Still, I am far from imagining that the whole internal Goethe is here adequately portrayed. We may, with propriety, compare this extraordinary mind and man to a many-sided diamond, which in each direction shines with a different hue. And as, under different circumstances and with different persons, he became another being, so I, too, can only say, in a very modest sense, this is my Goethe .

And this applies not merely to his manner of presenting himself to me, but to my capacity for apprehending and re-producing him. In such cases a takes place, as in a mirror; and it is very seldom that, in passing through another individuality, nothing of the original is lost, and nothing foreign is blended. The representations of the person of Goethe by Rauch , Dawe, Stieler , and David have all a high degree of truth, and yet each bears more or less the stamp of the individuality which produced it. If this can be said of bodily things, how much more does it apply to the fleeting, intangible objects of the mind! However it may be in my case, I trust that all those who, from mental power or personal acquaintance with Goethe , are fitted to judge, will not misinterpret my exertions to attain the greatest possible fidelity.

Having given these explanations as to the manner of apprehending my subject, I have still something to add as to the import of the work.

That which we call the True, even in relation to a single object, is by no means something small, narrow, limited; rather is it, even if something simple, at the same time something comprehensive, which like the various manifestations of a deep and widely reaching natural law, cannot easily be expressed. It cannot be disposed of by a sentence, or by sentence upon sentence, or by sentence opposed to sentence, but, through all these, one attains just an approximation, not the goal itself. So, to give a single instance, Goethe 's detached remarks on poetry often have an appearance of one-sidedness, and indeed often of manifest contradiction. Sometimes he lays all the stress on the material which the world affords; sometimes upon the internal nature of the poet; sometimes the only important point is the subject; sometimes the mode of treating it; sometimes all is made to depend on perfection of form; sometimes upon the spirit, with a neglect of all form.

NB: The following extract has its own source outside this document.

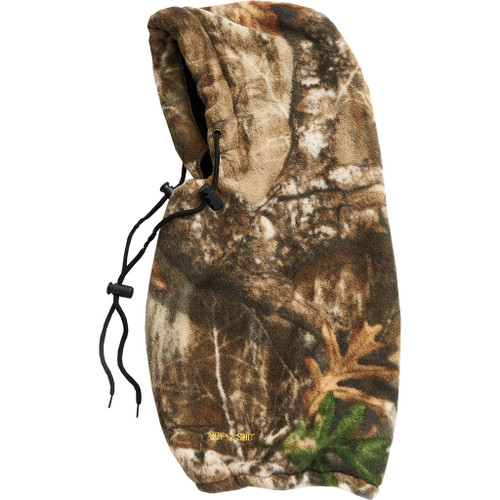 Hot Shot 1E-220C Challenger Balaclava, Realtree Edge Camo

But all these contradictions are single sides of the True, and, taken together, denote the essence of truth itself, and lead to an approximation to it. I have, therefore, been careful, in these and similar cases, not to omit these seeming contradictions, as they were elicited by different occasions, in the course of dissimilar years and hours. I rely on the insight and comprehensive spirit of the cultivated reader, who will not be led astray by any isolated part, but will keep his eye on the whole, and properly arrange and combine each particular.